Birincisi… Bir toplumdaki sosyal-siyasi (liberal-sosyalist-muhafazakârlık) gruplama içinde, ne olursa olsun değişimlere direnen ve her yeni durumda “mevcutta-statükoda” kalan.

İkincisi… Aynı düşünce içinde, değişimler karşısındaki tekâmülcü ve ihtilâl-inkılâpçıya karşı mevcutçu kafa.

Üçüncüsü… Bağlı olunan düşünce ve hayat tarzında tavizsizlik.

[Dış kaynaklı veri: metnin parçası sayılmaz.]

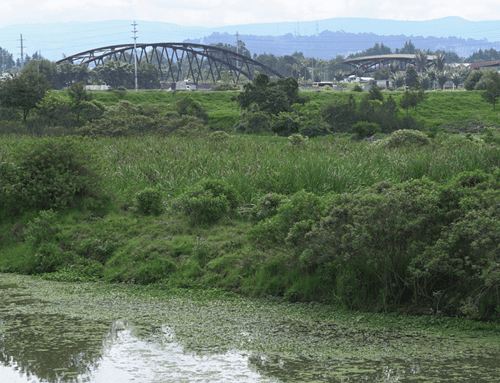 Más de 70.000 árboles impulsan recuperación ambiental del río Bogotá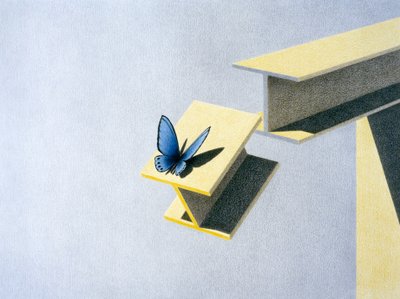 Schmetterling von Rene Boin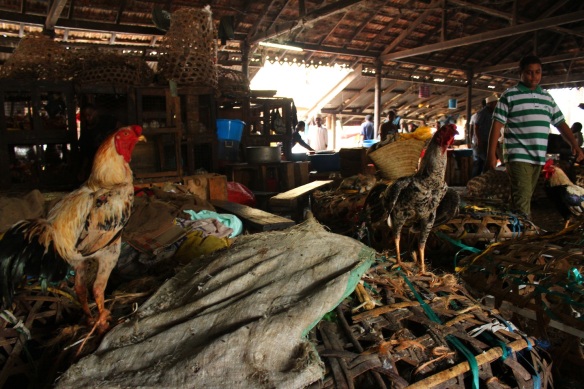 Two roosters cock their heads (no pun intended... or maybe intended) at me from atop the cages that hold hens in the poultry area of Darajani market. Photo by Gemina Garland-Lewis. 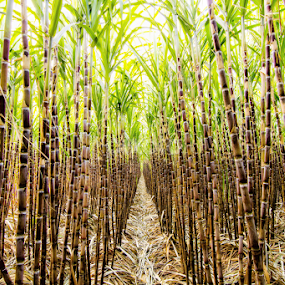 Sugar Cane Farm by Lim Hok - Nature Up Close Trees & Bushes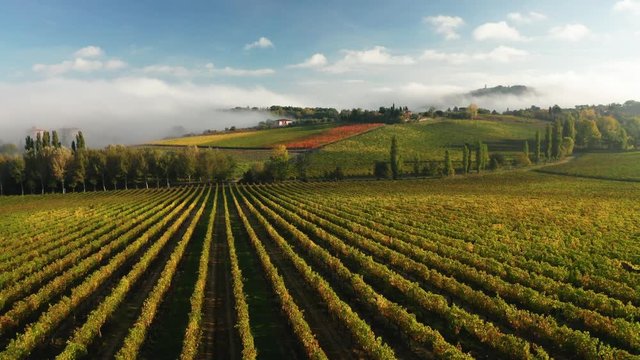 Aerial view of a rural landscape during sunrise in Tuscany. Rural farm, vineyards, green fields, sunlight and fog. Italy, Europe.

Genel olarak, hâkim tavrıyla muhasebesini yapmak, ayıklamak, düzeltmek ve emrimize almak, en azından bunun şuurunda olmak yerine, direne direne mahkûm oluşumuzla birincinin içindeyiz. Meselâ; “filân veya falan adam çok muhafazakârdır” denilirken, neyin muhafaza edildiğinin değerlendirmesine yanaşmaksızın müslümanlıkla muhafazakârlığın özdeşleştirilmesi, böylece İslâm’ın o mahkûm kafa ve tavra indirilmesiyle, bizim olmayan bu sınıflama içindeyiz. Oysa, nasıl aklı reddetmeyişimizle akılcı, müsbet ilmi reddetmeyişimizle pozitivist, maddeyi istismardan bahsederken maddeci, gerektiği yerde gerekeni yapmaktan bahsederken pragmatist değilsek, muhafazakâr da değiliz.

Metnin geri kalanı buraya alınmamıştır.